**What you have to do**
Would you transcribe exactly the lines from the one containing "走失者照片 帮他回家：商洛六旬老人被救助，花白..." to the last line of the data below, both ends included, but none of the pictures?

=== Exercise data ===

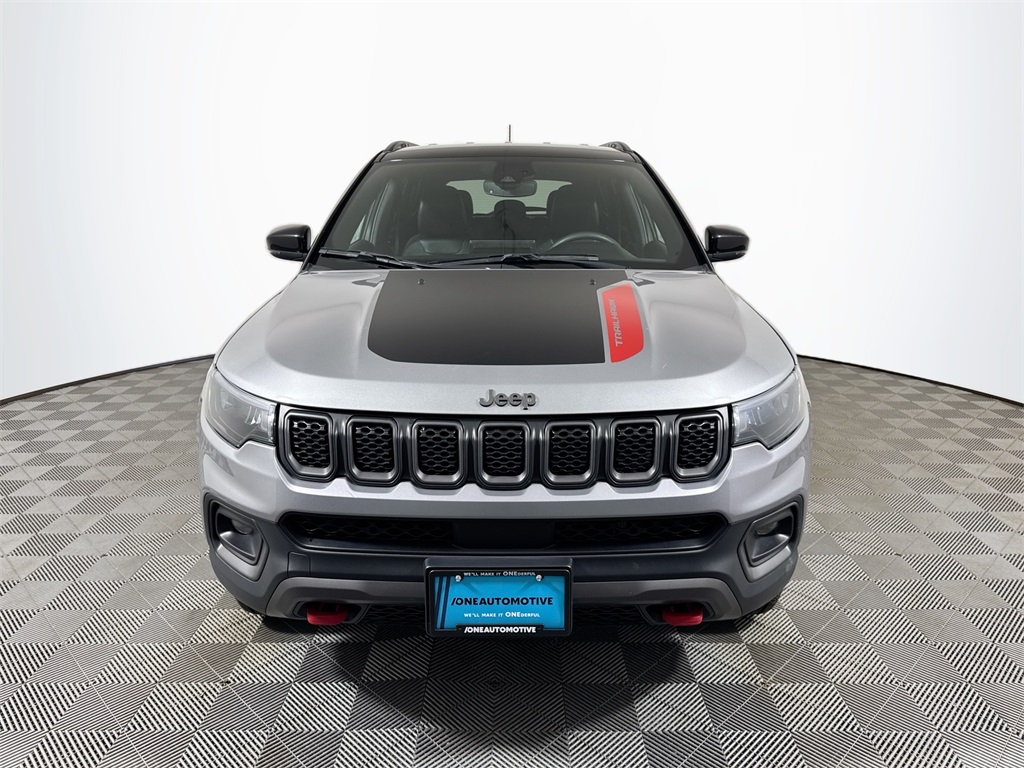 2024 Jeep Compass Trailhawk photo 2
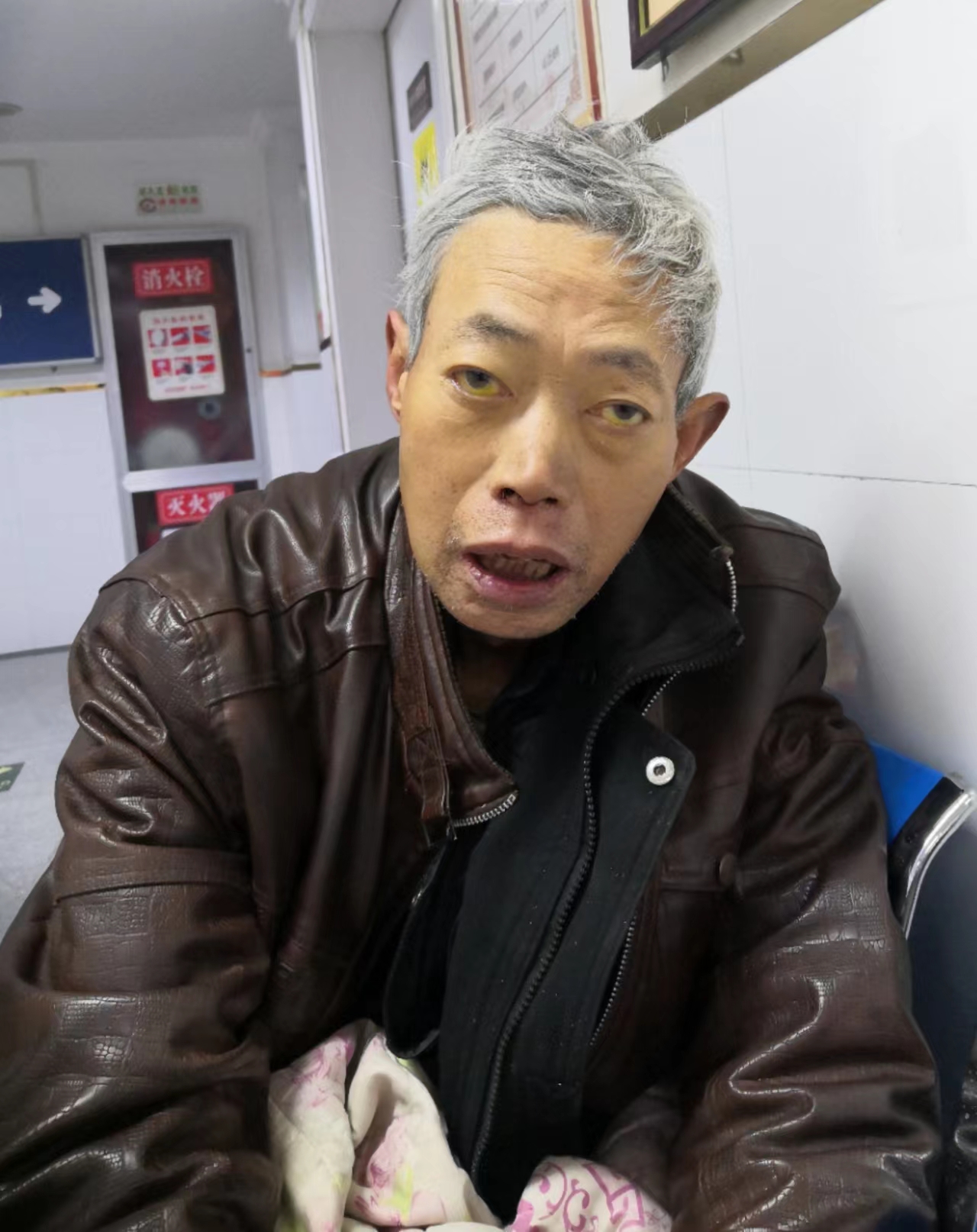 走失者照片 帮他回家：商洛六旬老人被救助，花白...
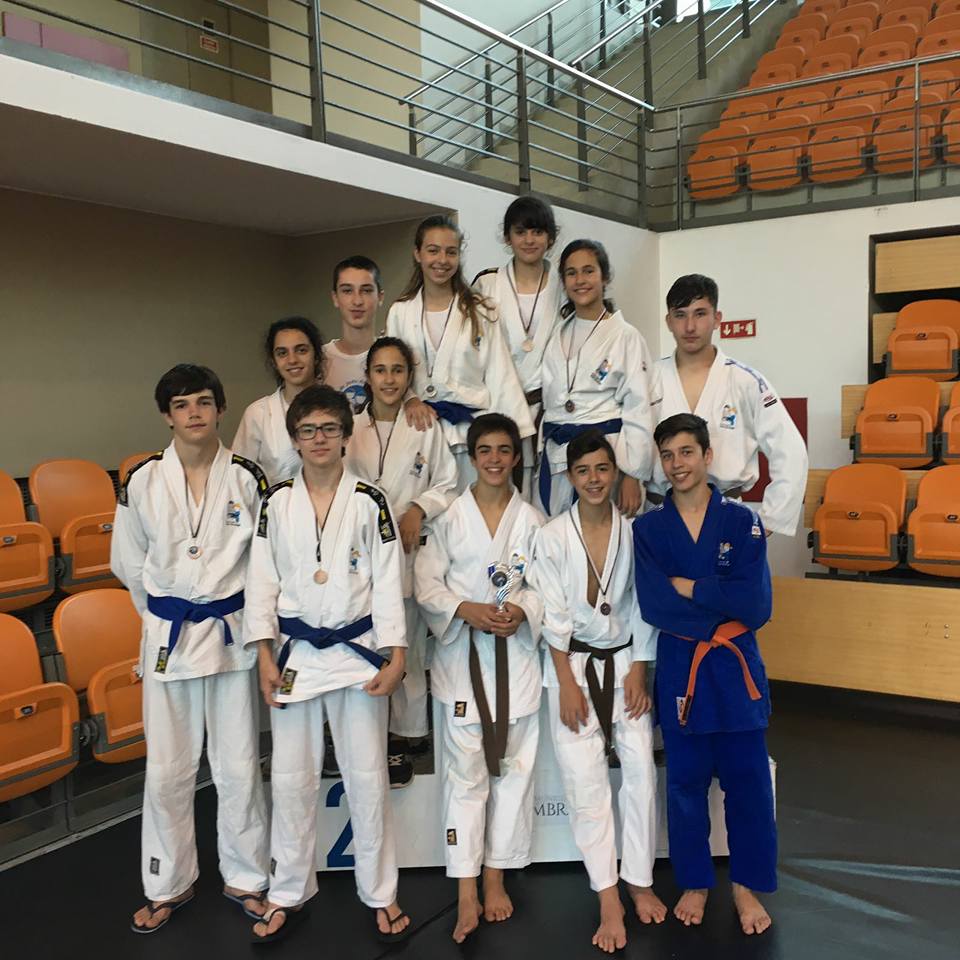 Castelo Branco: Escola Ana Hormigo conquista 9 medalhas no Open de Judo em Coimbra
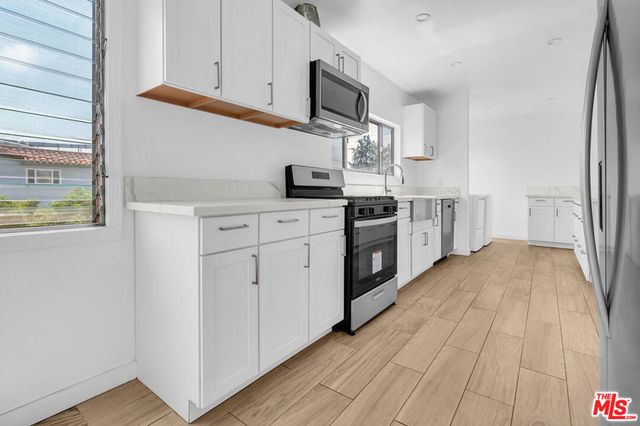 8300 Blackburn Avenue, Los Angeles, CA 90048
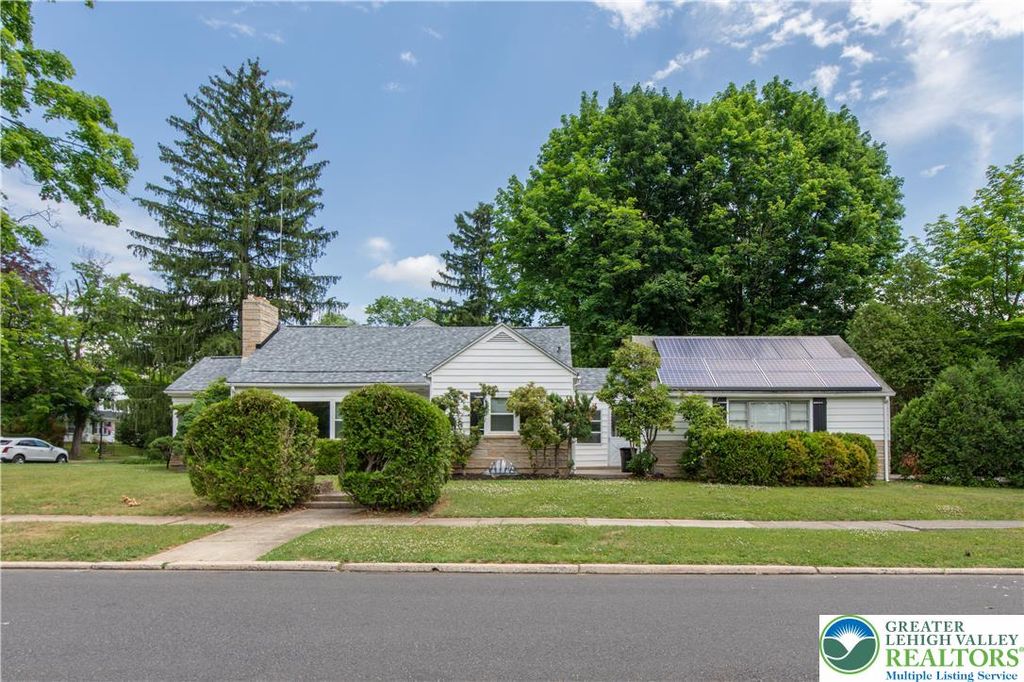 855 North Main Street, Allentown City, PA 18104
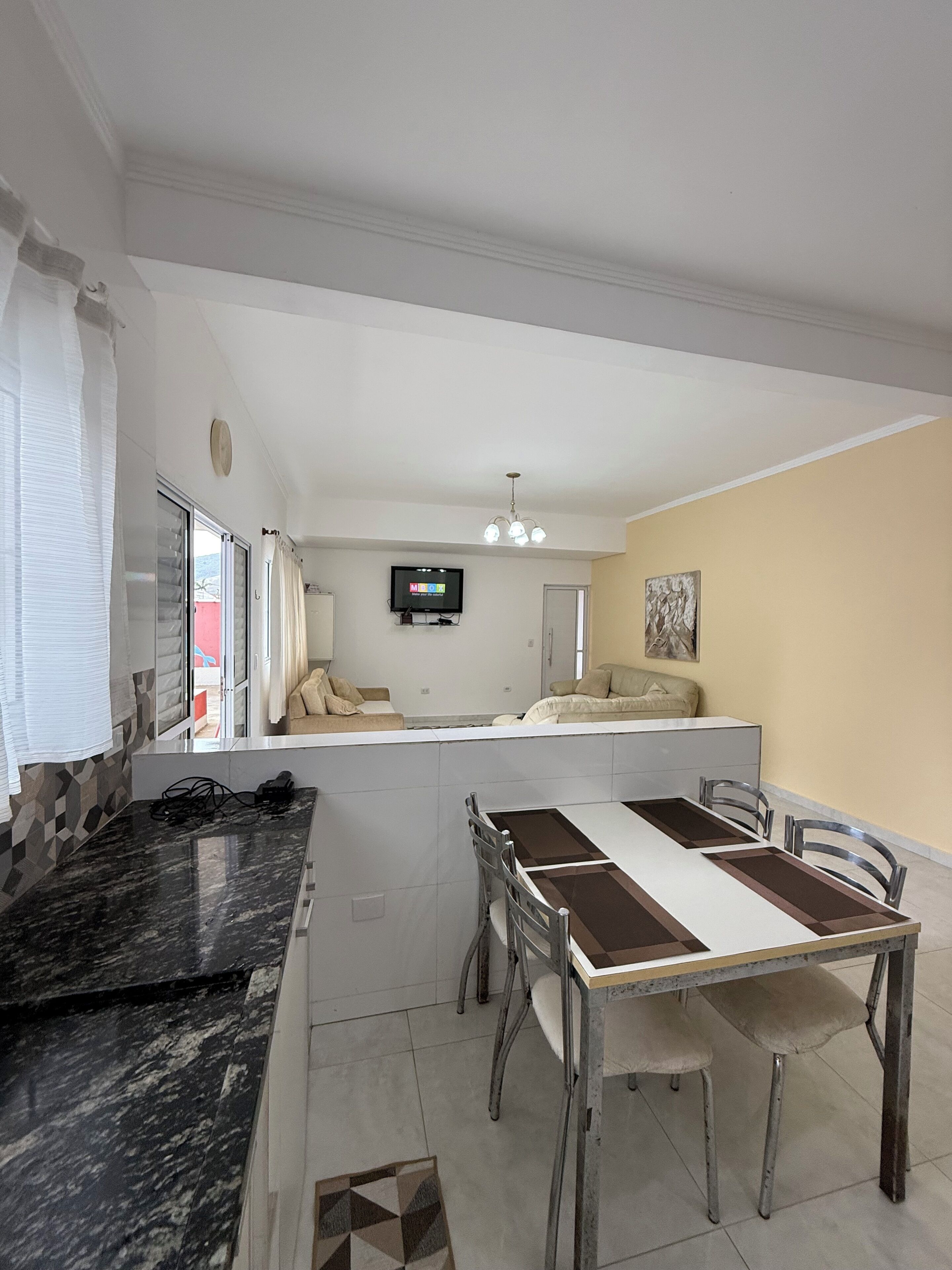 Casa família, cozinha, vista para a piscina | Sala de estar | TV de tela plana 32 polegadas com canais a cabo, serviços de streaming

===

**Answer for the task**
 走失者照片 帮他回家：商洛六旬老人被救助，花白...
 Castelo Branco: Escola Ana Hormigo conquista 9 medalhas no Open de Judo em Coimbra
 8300 Blackburn Avenue, Los Angeles, CA 90048
 855 North Main Street, Allentown City, PA 18104
 Casa família, cozinha, vista para a piscina | Sala de estar | TV de tela plana 32 polegadas com canais a cabo, serviços de streaming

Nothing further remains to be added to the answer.